This release contains bugfixes, new features, major public-facing API
changes, *and* inter-component API changes.
Live-upgrading is possible but must be done carefully. Read the "Upgrade
path from v0.6.0" section at the end for more info.
Breaking API changes:
- Upgraded to Kubernetes 1.24 (#132)
- VMs may have fractional CPU values (#172)
Features:
- Improve scaling bounds validation (#190)
- Make api.ScalingBounds (for scaling annotations) public (#181)
- informant: Respect max file cache size (#182)
- agent: Add runner panics metrics (#180)
- agent: Rework (improve!) scaling algorithm (#195)
- In general, scaling should be much smoother now. There's still some
work to do in this area (particularly around downscaling), but
overall, a step that should be fairly impactful.
- agent->informant health checks (#203)
- Support for fractional CPU (#172)
- !!!
- NeonVM: Add current usage annotation to runner pod (#231)

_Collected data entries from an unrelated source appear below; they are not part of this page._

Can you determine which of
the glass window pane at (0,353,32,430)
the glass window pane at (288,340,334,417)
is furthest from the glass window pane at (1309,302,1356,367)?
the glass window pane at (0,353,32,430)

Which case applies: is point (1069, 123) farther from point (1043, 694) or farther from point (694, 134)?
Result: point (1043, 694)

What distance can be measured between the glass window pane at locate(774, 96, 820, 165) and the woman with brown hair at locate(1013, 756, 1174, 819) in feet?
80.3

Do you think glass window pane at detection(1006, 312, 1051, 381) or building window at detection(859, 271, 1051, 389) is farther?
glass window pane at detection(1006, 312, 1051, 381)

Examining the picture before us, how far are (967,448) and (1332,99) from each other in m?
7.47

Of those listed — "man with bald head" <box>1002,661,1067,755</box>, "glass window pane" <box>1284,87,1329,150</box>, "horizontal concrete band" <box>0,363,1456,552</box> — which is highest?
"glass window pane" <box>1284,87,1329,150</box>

- NeonVM: Allow disabling service links (#235)
Fixes:
- VirtualMachineSpec.PodResources now sets the pod's resources (#138)

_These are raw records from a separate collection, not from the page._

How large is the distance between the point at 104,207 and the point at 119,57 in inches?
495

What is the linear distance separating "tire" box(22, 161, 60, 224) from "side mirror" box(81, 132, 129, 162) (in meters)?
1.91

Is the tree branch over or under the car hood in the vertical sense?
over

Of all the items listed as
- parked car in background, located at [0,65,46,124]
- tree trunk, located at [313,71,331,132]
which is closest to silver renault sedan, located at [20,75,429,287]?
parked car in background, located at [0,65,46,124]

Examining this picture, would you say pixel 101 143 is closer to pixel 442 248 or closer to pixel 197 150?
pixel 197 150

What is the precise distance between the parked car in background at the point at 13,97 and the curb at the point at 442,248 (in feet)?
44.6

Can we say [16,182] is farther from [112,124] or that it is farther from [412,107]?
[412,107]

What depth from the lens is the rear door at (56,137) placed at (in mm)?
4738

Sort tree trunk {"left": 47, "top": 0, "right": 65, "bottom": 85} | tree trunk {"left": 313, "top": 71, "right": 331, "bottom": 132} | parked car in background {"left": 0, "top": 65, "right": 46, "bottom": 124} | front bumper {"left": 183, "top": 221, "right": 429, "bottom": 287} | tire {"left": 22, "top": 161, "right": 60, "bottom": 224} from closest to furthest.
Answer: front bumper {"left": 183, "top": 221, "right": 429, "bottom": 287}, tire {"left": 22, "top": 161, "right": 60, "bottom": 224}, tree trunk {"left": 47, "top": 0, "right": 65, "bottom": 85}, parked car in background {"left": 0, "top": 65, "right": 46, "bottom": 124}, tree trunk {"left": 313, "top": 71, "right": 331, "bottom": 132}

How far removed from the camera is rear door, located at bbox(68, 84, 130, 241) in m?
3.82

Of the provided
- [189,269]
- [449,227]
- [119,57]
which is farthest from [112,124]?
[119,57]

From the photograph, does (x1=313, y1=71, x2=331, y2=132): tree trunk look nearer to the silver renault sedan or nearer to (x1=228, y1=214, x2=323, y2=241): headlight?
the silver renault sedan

- autoscaler-agents no longer produce logs about VM updates that aren't
on their node (#186)
- Fix NeonVM CRD still including VirtualMachineSpec.ServiceAccountName (#188)
- plugin: Fix Unreserve verdict format string in logs (#206)
- agent: Stop informant server when context canceled (#214)
- This was the cause of a pretty notable goroutine leak that should
now be fixed. See #196
- agent: Fix log for /unregister response (#224)
- agent: Fix inverted 'ErrServerClosed' check (#225)
- This may have been causing spurious error logs and silencing actual
errors.
- Add node affinity to NeonVM's kube-multus-ds DaemonSet (#236)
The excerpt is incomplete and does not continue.